Wednesday 1:15 pm - 2:00 pm

Balisage Bluff: An Entertainment

Balisage Attendees

Balisage Bluff: markup-truth may be stranger than fiction! Participants will listen to short stories that involve markup, Montreal, or have some other connection to the conference. The audience will be challenged with identifying which stories are true (or close to it) and which are mostly fabricated.

Do you have a story to tell? Stories will be limited to 2 minutes, but even so there are al lot of Balisageurs with great tales to tell. Volunteer by sending email to, or by talking with Lynne Price, gamemaster, on site in Montreal. If there are more than ten volunteers by July 15, ten will be randomly selected. If we have more time in the actual session volunteers will be recruited from the audience/participants.

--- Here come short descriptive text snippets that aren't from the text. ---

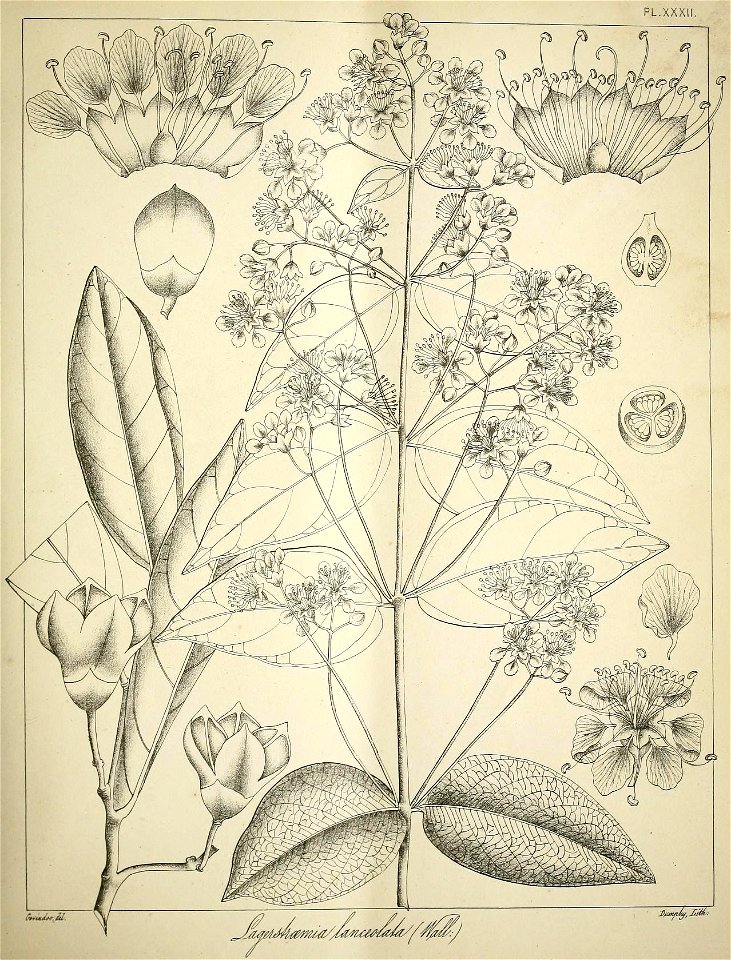 n164_w1150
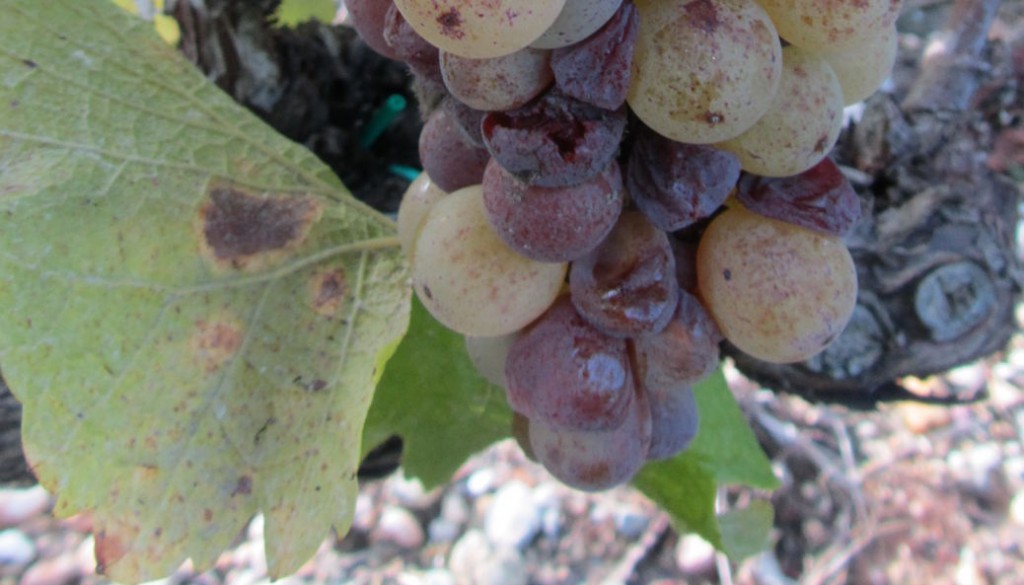 Noble rot, Sauternes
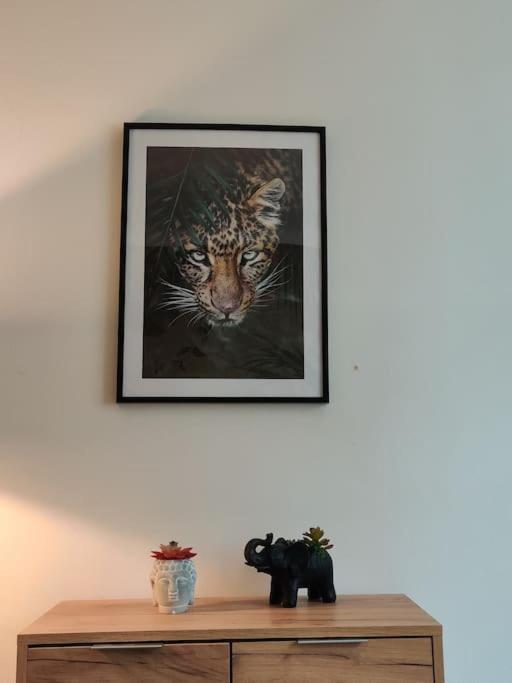 La Jungle Urbaine Avec Garage Prive & Climatisation Lägenhet Perpignan Exteriör bild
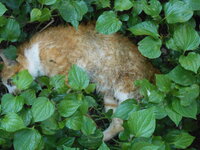 DSCN3491.JPG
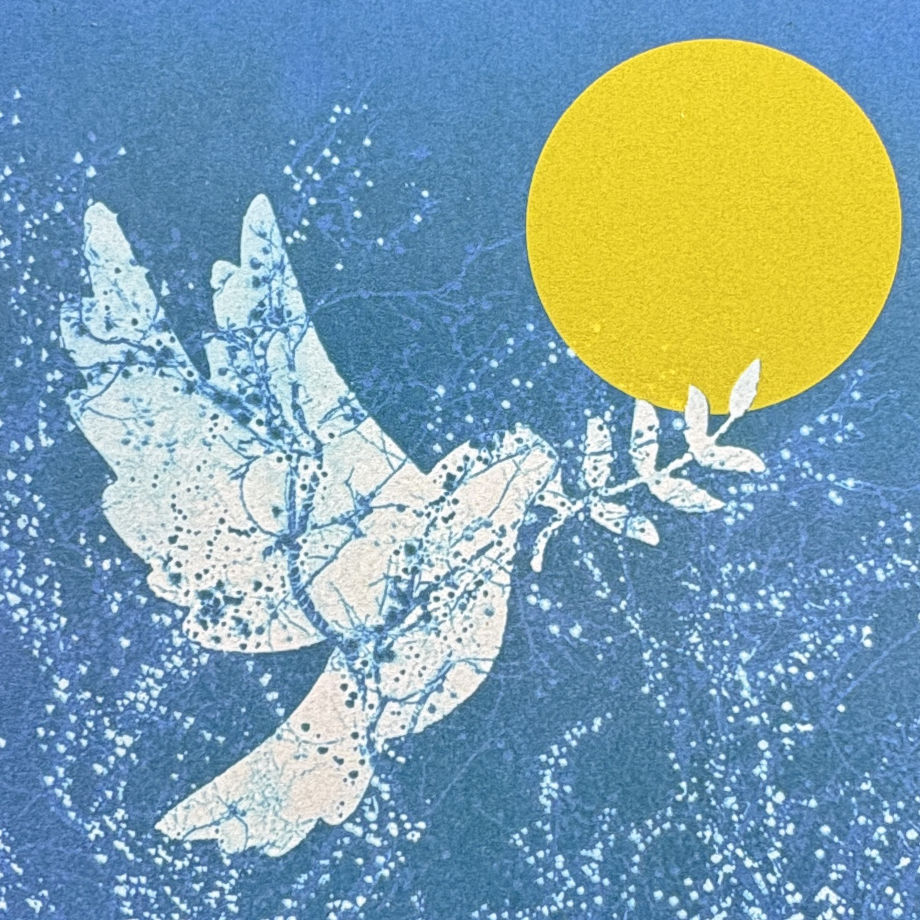 Winter Blue Dove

Wednesday 2:00 pm - 2:45 pm

First Person: Where did all the document kids go?

Matt Patterson, Constituent Parts

When I began developing with XML technologies, there were a multitude of toolkits and implementations of XML parsers, multiple DOM (and DOM-like) implementations outside web browsers, and XSLT implementations everywhere. My current development environments seems impoverished in comparison. What happened? The population of web development tools, by contrast, has grown by leaps and bounds. Why is the one ecosystem contracting and the other growing? One should never underestimate the power of making things more accessible to the casual user.

Wednesday 2:45 pm - 3:30 pm

Invisible XML

Steven Pemberton, CWI, Amsterdam

What if you could see everything as XML? XML has many strengths for data exchange, strengths both inherent in the nature of XML markup and strengths that derive from the ubiquity of tools that can process XML. For authoring, however, other forms are preferred: no one writes CSS or Javascript in XML. It does not follow, however, that there is no value in representing such information in XML. Invisible XML is a method for treating non-XML documents as if they were XML, enabling authors to write in a format they prefer while providing XML for processes that are more effective with XML content. There is really no reason why XML cannot be more ubiquitous than it is.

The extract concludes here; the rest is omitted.